Thomas Stuefe (@tstuefe - Reviewer) ⚠️ Review applies to 0b81551
Phil Race (@prrace - Reviewer) ⚠️ Review applies to 8291664
Daniel D. Daugherty (@dcubed-ojdk - Reviewer) ⚠️ Review applies to 8291664
David Holmes (@dholmes-ora - Reviewer)

Download

$ git fetch https://git.openjdk.java.net/jdk pull/2615/head:pull/2615
$ git checkout pull/2615

bridgekeeper · 2021-02-17T19:06:54Z

👋 Welcome back gziemski! A progress list of the required criteria for merging this PR into master will be added to the body of your pull request. There are additional pull request commands available for use with this pull request.

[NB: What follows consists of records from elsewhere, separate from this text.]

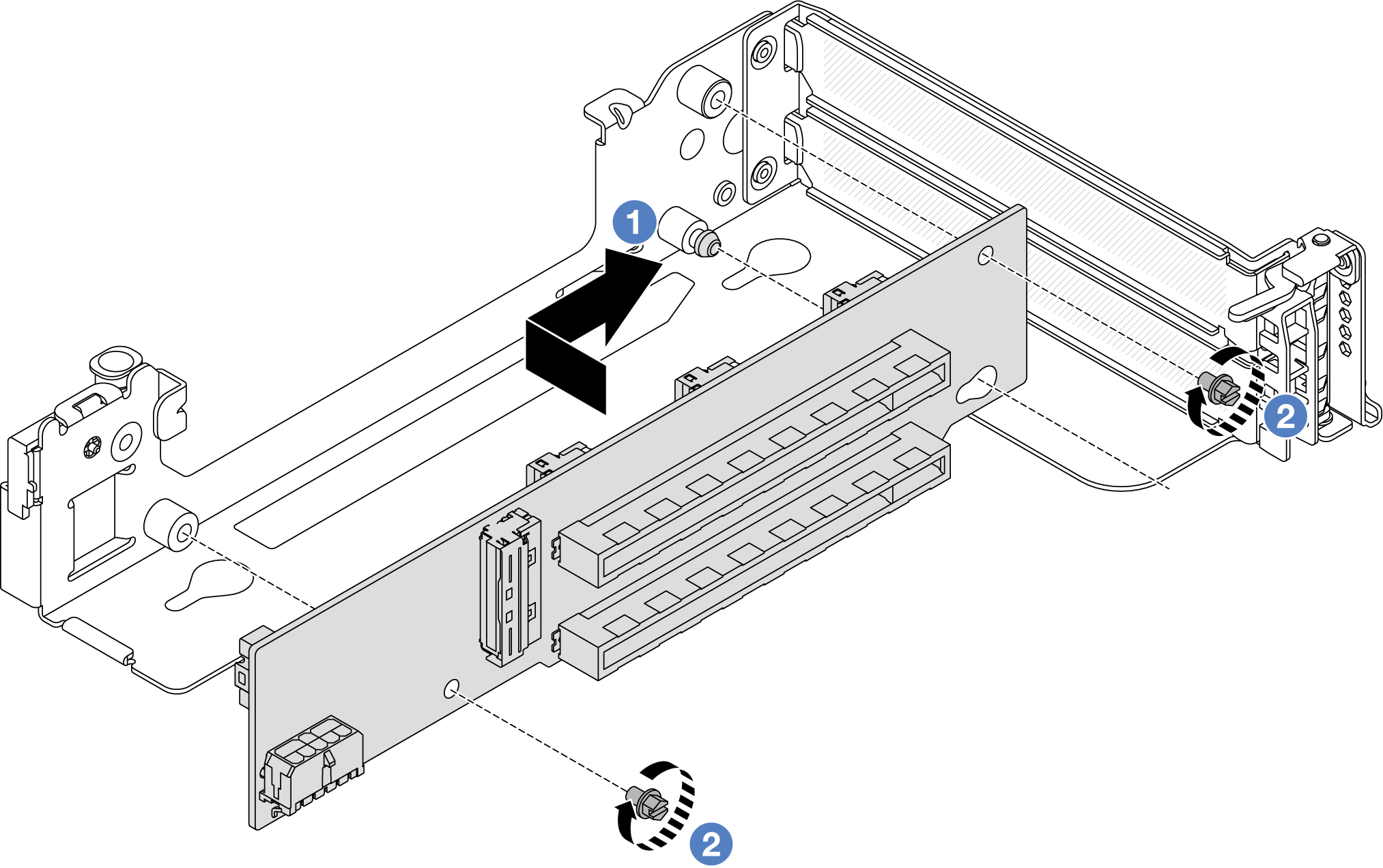 Installing the riser card to riser 1 or 2 cage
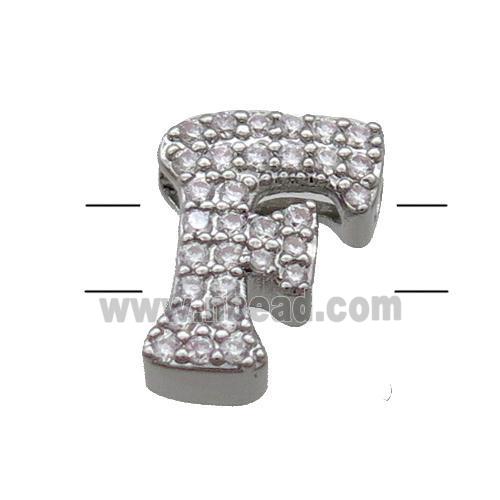 Copper Alphabet Beads Pave Zircon Letter-F 2holes Platinum Plated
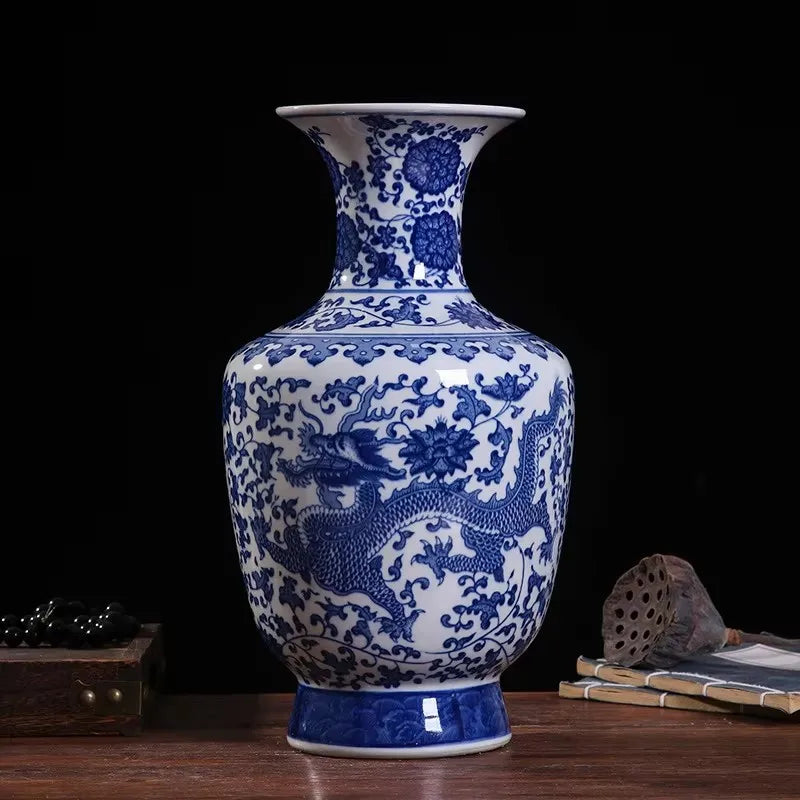 Blue and White Ceramic Vase 32cm Chinese Porcelain Home Decor Shelf Table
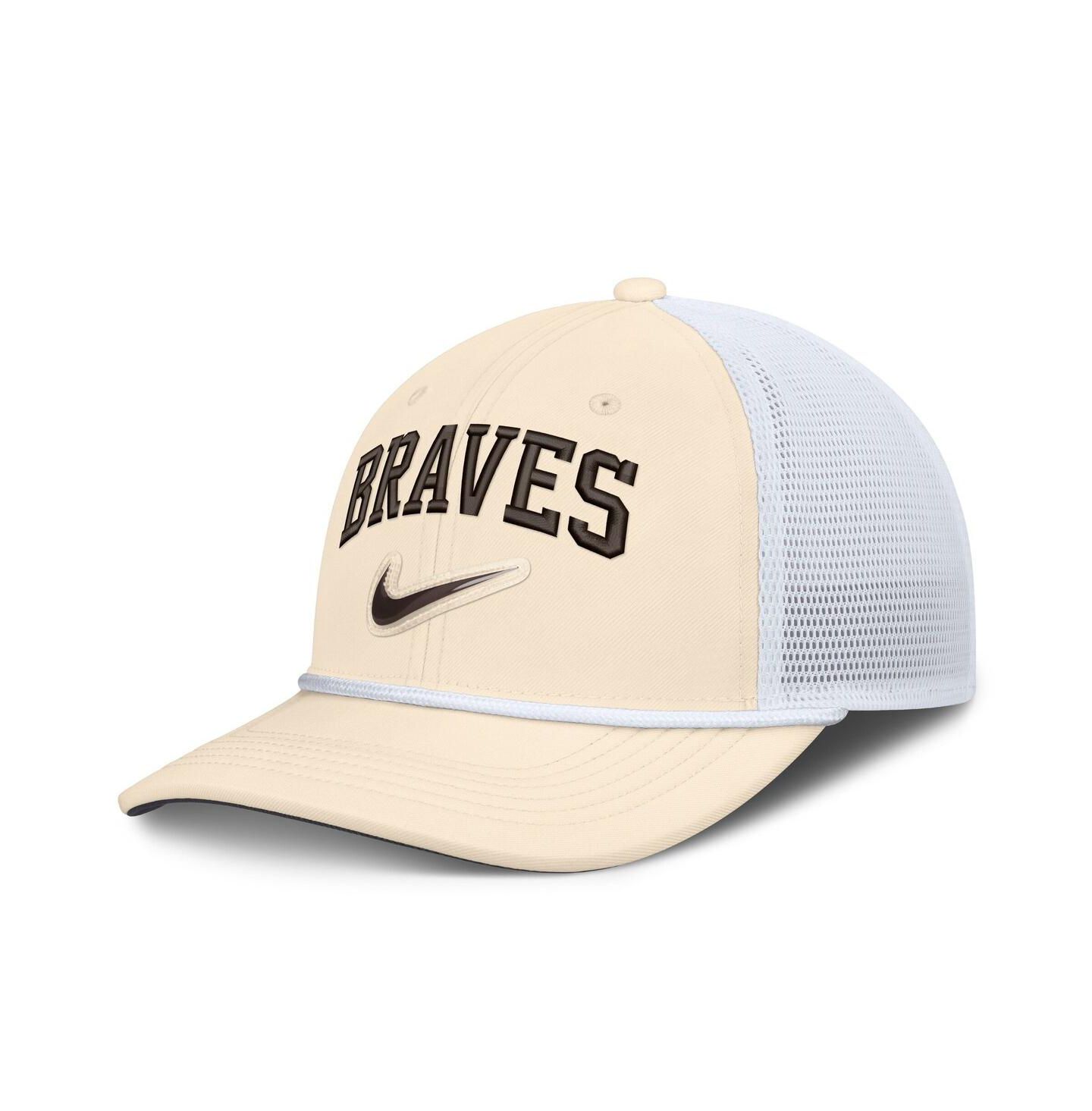Мужская кепка Nike Natural/White Atlanta Braves Rise Dri-FIT Trucker Adjustable Hat — фото 1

openjdk · 2021-02-17T19:08:00Z

@gerard-ziemski The following label will be automatically applied to this pull request:

hotspot-runtime

When this pull request is ready to be reviewed, an "RFR" email will be sent to the corresponding mailing list. If you would like to change these labels, use the /label pull request command.

mlbridge · 2021-02-17T19:19:48Z

Webrevs

gerard-ziemski · 2021-02-17T19:30:50Z

Simple native test case for those curious to try it out for themselves:

/*
 Natively on x86_64 we get:
   sigHandler caught sig: 8, info->si_code: 7 [FPE_INTDIV]
 Under Rossetta on M1 for x86_64 binary we get:
   sigHandler caught sig: 8, info->si_code: 5 [FPE_FLTINV]
 */
#include <stdio.h>
#include <stdlib.h>
#include <signal.h>
static void sigHandler(int sig, siginfo_t* info, void* arg) {
  printf("sigHandler caught sig: %d, info->si_code: %d [", sig, info->si_code);
  switch (info->si_code) {
    case FPE_FLTDIV: printf("FPE_FLTDIV");break;
    case FPE_INTDIV: printf("FPE_INTDIV");break;
    case FPE_FLTINV: printf("FPE_FLTINV");break;
    default: printf("???");
  }
  printf("]\n");
  exit(sig);
}
int main(int argc, const char * argv[]) {
  struct sigaction sa;
  sigemptyset(&sa.sa_mask);
  sa.sa_sigaction = sigHandler;
  sa.sa_flags = SA_SIGINFO|SA_RESETHAND;
  sigaction(SIGFPE, &sa, NULL);
  volatile int i = 0;
  volatile int j = 47 / i;
  return j;
}

tstuefe

Seems reasonable. Remark below. Looks good otherwise.

Cheers, Thomas

src/hotspot/os_cpu/bsd_x86/os_bsd_x86.cpp

openjdk · 2021-02-17T19:41:16Z

@gerard-ziemski This change now passes all automated pre-integration checks.

ℹ️ This project also has non-automated pre-integration requirements. Please see the file CONTRIBUTING.md for details.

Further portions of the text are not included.